> **DATA BELOW**
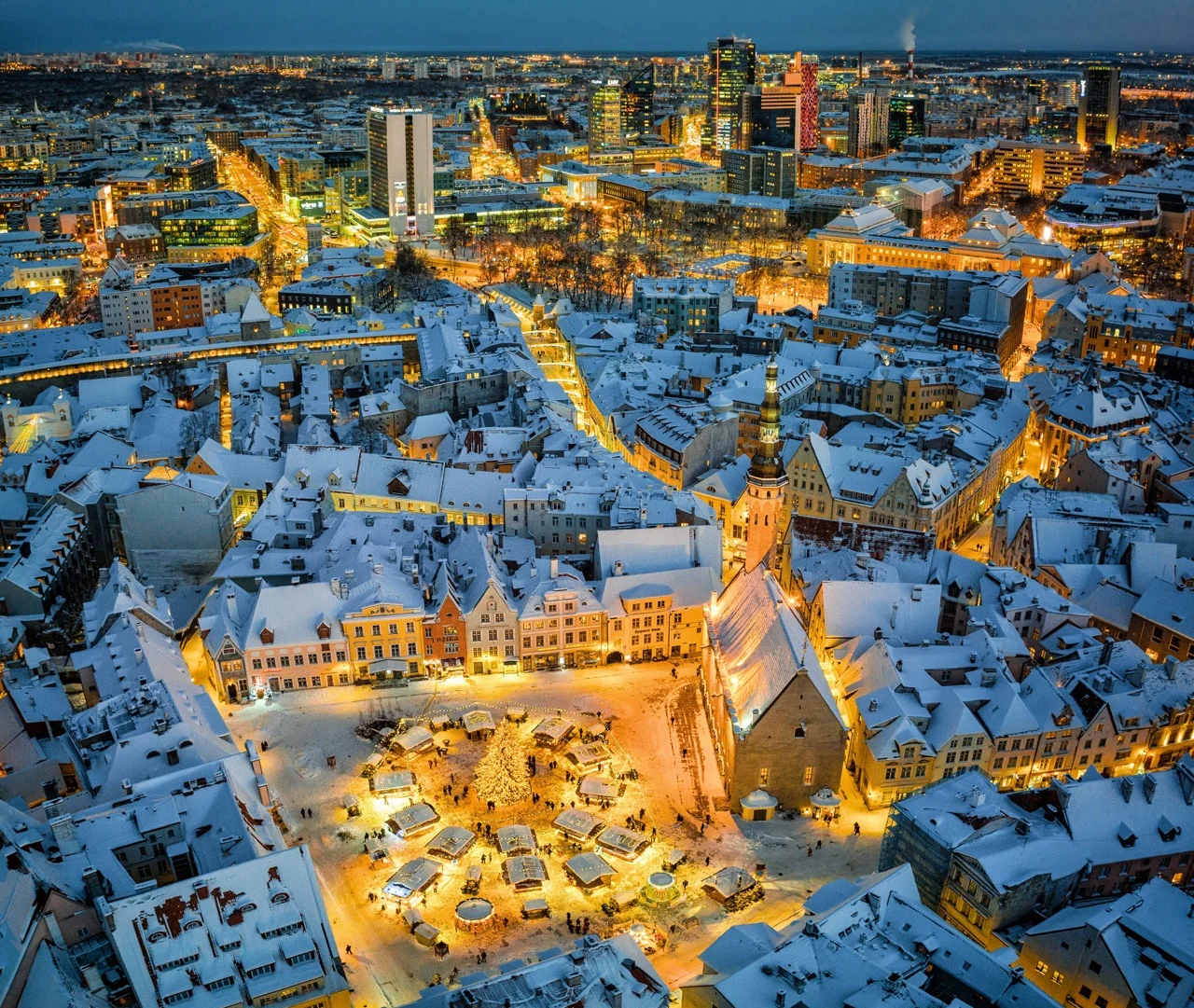 Tallin, Estonia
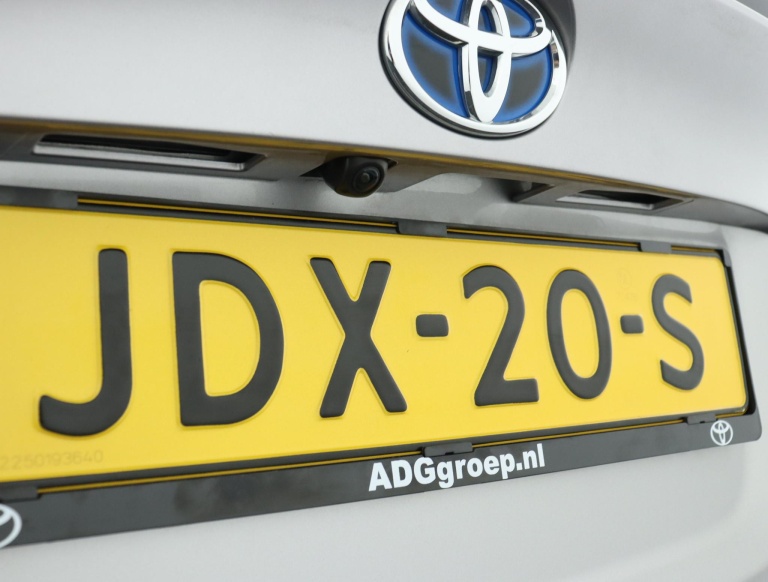 Toyota C-HR - 1.8 Hybrid Dynamic 43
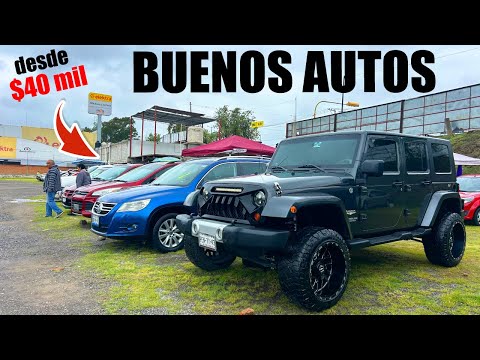 🔥Buenos Autos aquí,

> **PROBLEM TO SOLVE**
Transcribe all data precisely. Pictures are not copied.

> **REPLY**
 Tallin, Estonia
 Toyota C-HR - 1.8 Hybrid Dynamic 43
 🔥Buenos Autos aquí,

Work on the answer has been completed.